Stored data entries:
--- --- ---
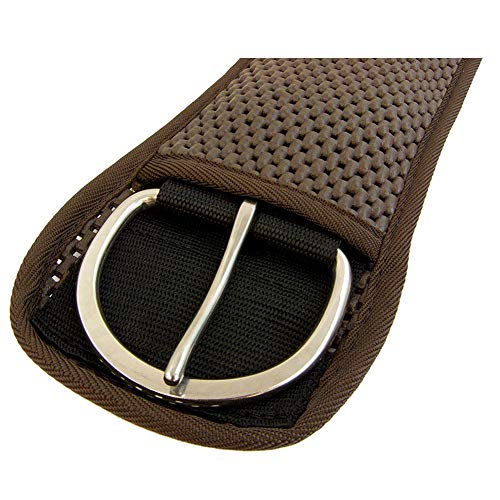 Intrepid International Cinch-The Original Non Slip Girth - color: Brown, size: 27"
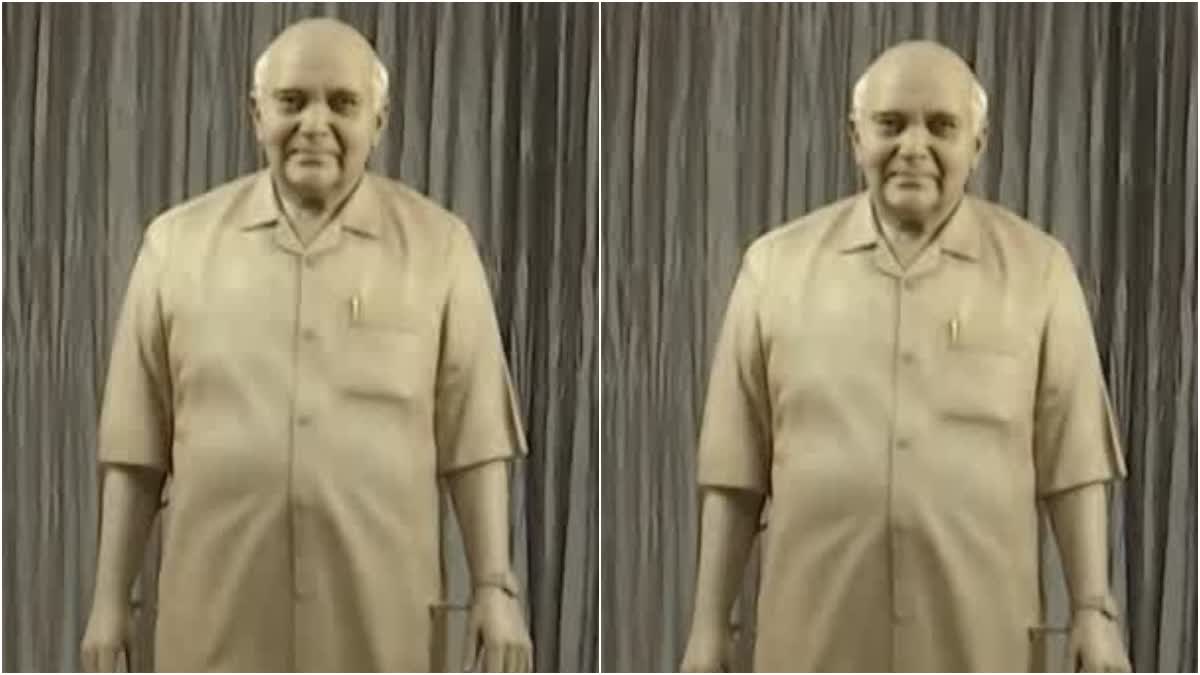 Ramoji Rao Statue in Andhra Pradesh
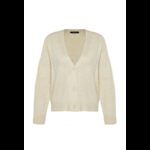 ⁦جاكيت تركي صوف بأزرار  للنساء لون بيج⁩ - الصورة ⁦6⁩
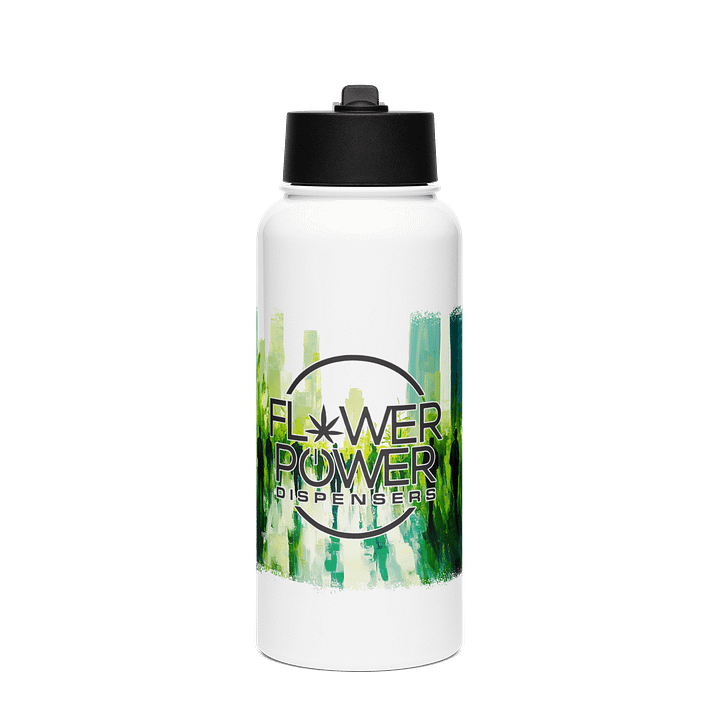 Flower Power 32Oz Water Bottle product image (1)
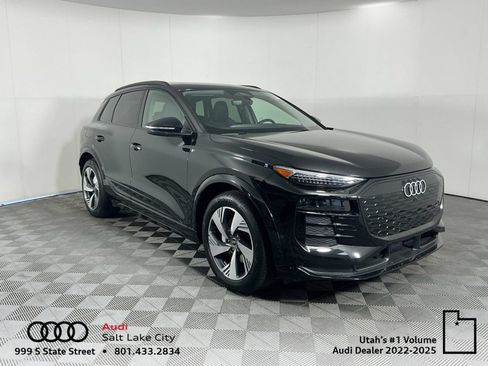 Used 2025 Audi Q6 e-tron Prestige w/ Black Warm Weather Package AWD/4WD image 1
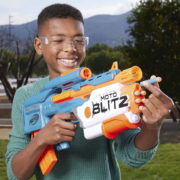 HASBRO NERF Motoblitz CS-10 set dětský blaster + 24 šipek Elite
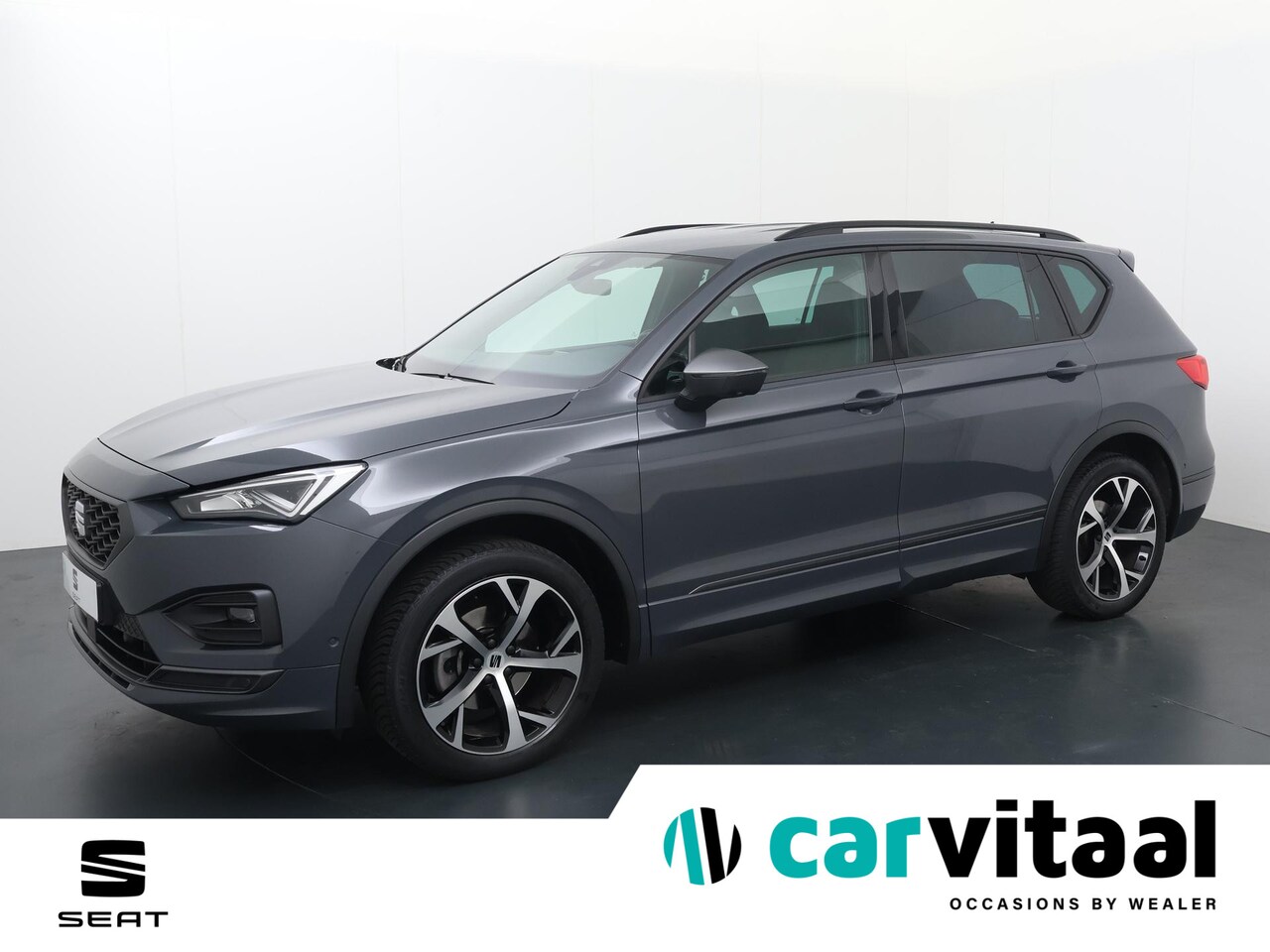 Seat Tarraco - 1.5 TSI FR Business | 150 PK | Automaat | Trekhaak | Connectivity Box | - AutoWereld.nl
--- --- ---
▸ **ABOUT THIS TASK**: Write out the entries above verbatim, without pictures.

▸ **RESPONSE AREA**:
 Intrepid International Cinch-The Original Non Slip Girth - color: Brown, size: 27"
 Ramoji Rao Statue in Andhra Pradesh
 ⁦جاكيت تركي صوف بأزرار  للنساء لون بيج⁩ - الصورة ⁦6⁩
 Flower Power 32Oz Water Bottle product image (1)
 Used 2025 Audi Q6 e-tron Prestige w/ Black Warm Weather Package AWD/4WD image 1
 HASBRO NERF Motoblitz CS-10 set dětský blaster + 24 šipek Elite
 Seat Tarraco - 1.5 TSI FR Business | 150 PK | Automaat | Trekhaak | Connectivity Box | - AutoWereld.nl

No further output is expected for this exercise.